The Michigan Golf Hall of Fame member, who just recently found out she was finally going into the LPGA Hall of Fame, died Tuesday in Palm Springs, Calif., at the age of 94.

  “She was always very gracious and would come back to Michigan to help out Eastern Michigan (University) and was always willing to support women’s golf in any way she could,” said Sara Wold, president emeritus of the Golf Association of Michigan and a Michigan Golf Hall of Fame member.

  “She was easy to be friends with, just so friendly and funny with all her stories. I remember when she came back for the 100th Michigan Women’s Amateur celebration. She told stories all night long and we all learned a lot from her and laughed with her.”

  Shirley started playing with one club, an old putter from a dime store bin at age 10. She became a regular visitor to Bonnie Brook Golf Course in Detroit (8 Mile and Telegraph), where hole 17 was next to her family home. Her father served as the property’s caretaker while the country emerged from The Great Depression.

  The boys laughed at the girl with one club, but she endured and became one of the world’s best women golfers.

  While attending Eastern Michigan University (then called Michigan State Normal College) to earn a teaching degree, she was the individual winner of the 1947 Intercollegiate Championship, in essence a forerunner to today’s NCAA championship. At home she won the Women’s District Golf Association’s Match Play Championship three times in four years, and then won the 1949 Michigan Women’s Amateur Championship.

After graduating from EMU where the golf team hosts the annual Shirley Spork Invitational these days, Spork taught in the Detroit Public Schools, but she decided she would rather play golf.

  She turned professional in 1950 at the urging of Zaharias and played on the original LPGA Tour. Her top finishes included a second in what became the LPGA Championship and she tied for eighth in a U.S. Women’s Open.

  “Babe put her hand on my head and said I deem you a pro, and that was it,” Spork said in an interview at Spring Meadows Country Club in Linden six years ago. “We had quite a group and I have some great memories of our adventures on the road.”

She admitted she found tour golf a tough road, especially while also getting a Master’s degree in education and teaching golf while at Bowling Green State University. She then became a golf pioneer again as a teacher, helping found the LPGA Teaching Division in 1959 and is in that group’s Hall of Fame.

  Spork was honored in recent years ago by the Women’s Michigan Golf Association with celebrated Michigan State coach Mary Fossum and former USGA and GAM leader Betty Richart of Ann Arbor, and she came home to Michigan and took part in the 100th Michigan Women’s Amateur celebration in 2016 at age 89. At that time, she was still giving putting lessons to anyone wise enough to ask.

  Marlene Hagge is now the only living LPGA founder.

  “The game gave me so much and I just try to give it to others,” Spork said in 2016. “I love teaching the game, love to see somebody get it and enjoy it.
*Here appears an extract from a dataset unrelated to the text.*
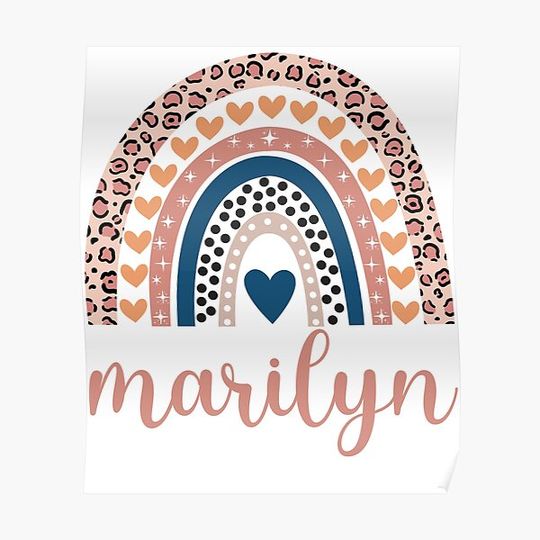 Discover Marilyn Name Marilyn Birthday Premium Matte Vertical Poster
I love watching these young women play today. I let them know there were some great players who paved the way for them and great women who made it possible for their opportunities to play today.”

  Wold said Spork, a 1989 inductee into the Michigan Golf Hall of Fame, was very proud of being the Founder of the LPGA Teaching Division, probably her most important contribution.

   “She was also proud of reaching her goal for her Endowment Fund at Eastern Michigan University for the Women’s Golf Team,” she said. “Shirley embraced all her friendships and was always ready to tell a story about the Founders of the LPGA. She was an inspiration to so many.”

The GAM and Michigan Golf Hall of Fame will pass along memorial and funeral information as it becomes available.